Travel on any chair-lift with any guide and you'll usually gain some insight into a ski area's real life, if only from the animal tracks. (Skiers drop enough food to make it worthwhile for scavengers to follow the line of the lifts, as a guide once told me.) But there are some ski areas so obviously marked by human history that you don't need a guide.
Take for example Faqra, near Beirut, which must be the only resort to have parts of a Phoenician temple still standing on its slopes. Or Jahorina in Bosnia, marked by more recent history: set above the former Serb stronghold of Pale, outside Sarajevo, its facilities suffered considerable collateral damage from Nato bombers trying to hit a telecommunications mast.
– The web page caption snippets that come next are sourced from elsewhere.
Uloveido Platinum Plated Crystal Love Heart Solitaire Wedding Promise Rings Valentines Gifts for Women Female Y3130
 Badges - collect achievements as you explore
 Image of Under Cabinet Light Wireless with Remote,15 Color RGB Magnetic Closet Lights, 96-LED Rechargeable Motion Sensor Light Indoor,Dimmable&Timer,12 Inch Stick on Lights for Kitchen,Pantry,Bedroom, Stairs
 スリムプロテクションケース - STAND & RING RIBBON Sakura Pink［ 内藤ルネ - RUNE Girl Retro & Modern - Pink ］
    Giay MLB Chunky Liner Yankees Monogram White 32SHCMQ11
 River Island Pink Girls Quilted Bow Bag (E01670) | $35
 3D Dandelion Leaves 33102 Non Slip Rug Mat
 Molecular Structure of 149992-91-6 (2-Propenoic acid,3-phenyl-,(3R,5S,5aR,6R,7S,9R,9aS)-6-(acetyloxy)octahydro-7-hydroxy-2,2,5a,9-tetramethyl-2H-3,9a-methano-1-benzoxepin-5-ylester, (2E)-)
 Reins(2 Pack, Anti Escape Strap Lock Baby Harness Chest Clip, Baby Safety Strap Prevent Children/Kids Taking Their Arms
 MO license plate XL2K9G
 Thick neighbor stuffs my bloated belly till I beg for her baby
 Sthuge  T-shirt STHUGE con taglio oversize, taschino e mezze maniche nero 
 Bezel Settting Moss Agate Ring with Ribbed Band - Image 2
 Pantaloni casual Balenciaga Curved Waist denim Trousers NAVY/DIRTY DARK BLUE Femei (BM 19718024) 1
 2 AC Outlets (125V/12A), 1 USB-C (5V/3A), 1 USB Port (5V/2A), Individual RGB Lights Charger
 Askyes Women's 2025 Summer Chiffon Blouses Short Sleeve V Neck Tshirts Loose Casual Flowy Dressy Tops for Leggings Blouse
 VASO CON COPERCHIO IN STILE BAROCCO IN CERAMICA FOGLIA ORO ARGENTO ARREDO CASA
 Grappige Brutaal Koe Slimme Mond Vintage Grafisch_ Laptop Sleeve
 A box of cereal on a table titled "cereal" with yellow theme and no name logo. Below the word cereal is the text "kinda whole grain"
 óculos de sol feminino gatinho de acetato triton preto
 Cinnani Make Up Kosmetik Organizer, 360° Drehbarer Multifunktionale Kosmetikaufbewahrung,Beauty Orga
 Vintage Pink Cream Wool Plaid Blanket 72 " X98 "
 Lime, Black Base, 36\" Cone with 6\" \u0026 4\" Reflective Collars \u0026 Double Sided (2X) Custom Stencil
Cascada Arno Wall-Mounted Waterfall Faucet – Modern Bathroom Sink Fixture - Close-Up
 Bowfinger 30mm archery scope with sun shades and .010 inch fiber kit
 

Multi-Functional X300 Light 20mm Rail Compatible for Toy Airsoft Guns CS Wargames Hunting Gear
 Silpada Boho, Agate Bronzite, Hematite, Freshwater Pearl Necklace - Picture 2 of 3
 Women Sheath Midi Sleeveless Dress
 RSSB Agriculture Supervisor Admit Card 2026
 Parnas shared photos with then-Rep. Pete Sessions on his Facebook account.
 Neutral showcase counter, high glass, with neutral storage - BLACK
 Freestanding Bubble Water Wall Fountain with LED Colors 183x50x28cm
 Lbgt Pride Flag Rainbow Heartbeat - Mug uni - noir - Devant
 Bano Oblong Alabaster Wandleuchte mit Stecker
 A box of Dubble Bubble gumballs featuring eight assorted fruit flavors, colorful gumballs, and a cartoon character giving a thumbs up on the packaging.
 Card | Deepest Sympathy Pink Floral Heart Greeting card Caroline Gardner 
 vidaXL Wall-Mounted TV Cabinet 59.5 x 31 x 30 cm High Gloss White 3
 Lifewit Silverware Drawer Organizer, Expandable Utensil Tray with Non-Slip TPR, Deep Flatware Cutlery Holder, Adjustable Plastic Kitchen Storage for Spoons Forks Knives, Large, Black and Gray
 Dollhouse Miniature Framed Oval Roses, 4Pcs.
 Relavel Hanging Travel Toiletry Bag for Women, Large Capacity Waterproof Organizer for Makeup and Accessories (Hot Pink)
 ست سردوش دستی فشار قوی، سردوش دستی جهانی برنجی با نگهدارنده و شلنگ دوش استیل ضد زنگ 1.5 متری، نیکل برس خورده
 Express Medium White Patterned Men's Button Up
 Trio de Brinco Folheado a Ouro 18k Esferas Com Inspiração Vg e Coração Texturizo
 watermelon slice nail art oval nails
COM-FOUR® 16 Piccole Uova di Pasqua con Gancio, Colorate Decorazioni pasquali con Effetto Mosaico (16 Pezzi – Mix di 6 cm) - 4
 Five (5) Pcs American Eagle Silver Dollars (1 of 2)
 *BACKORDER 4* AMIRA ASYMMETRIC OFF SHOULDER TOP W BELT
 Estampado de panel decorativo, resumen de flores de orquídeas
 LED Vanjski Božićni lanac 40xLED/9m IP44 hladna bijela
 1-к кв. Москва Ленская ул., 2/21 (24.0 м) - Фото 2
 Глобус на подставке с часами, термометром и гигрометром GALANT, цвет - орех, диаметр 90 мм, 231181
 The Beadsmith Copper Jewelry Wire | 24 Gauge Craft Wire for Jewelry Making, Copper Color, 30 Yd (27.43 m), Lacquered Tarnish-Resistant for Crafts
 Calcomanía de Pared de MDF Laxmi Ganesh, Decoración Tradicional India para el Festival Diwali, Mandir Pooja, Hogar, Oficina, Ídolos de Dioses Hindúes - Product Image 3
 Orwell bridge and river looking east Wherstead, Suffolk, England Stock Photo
But the most remarkable resort for sightseeing on skis is Park City in Utah. In common with many North American ski destinations, its origins lie in mining; and it opened for skiing (in 1963) with a bizarre "lift" which carried skiers on a mine-train into the heart of the mountain, from where they were hoisted 520m up a shaft in a cage. But unlike other resorts, sleek-but-canny Park City hasn't cleared away the remains of its industrial past. Instead it has left eerie talisman – such as the slag-heap, conveyor and winding-tower alongside the Thaynes Canyon piste – just rotting away, to very evocative effect.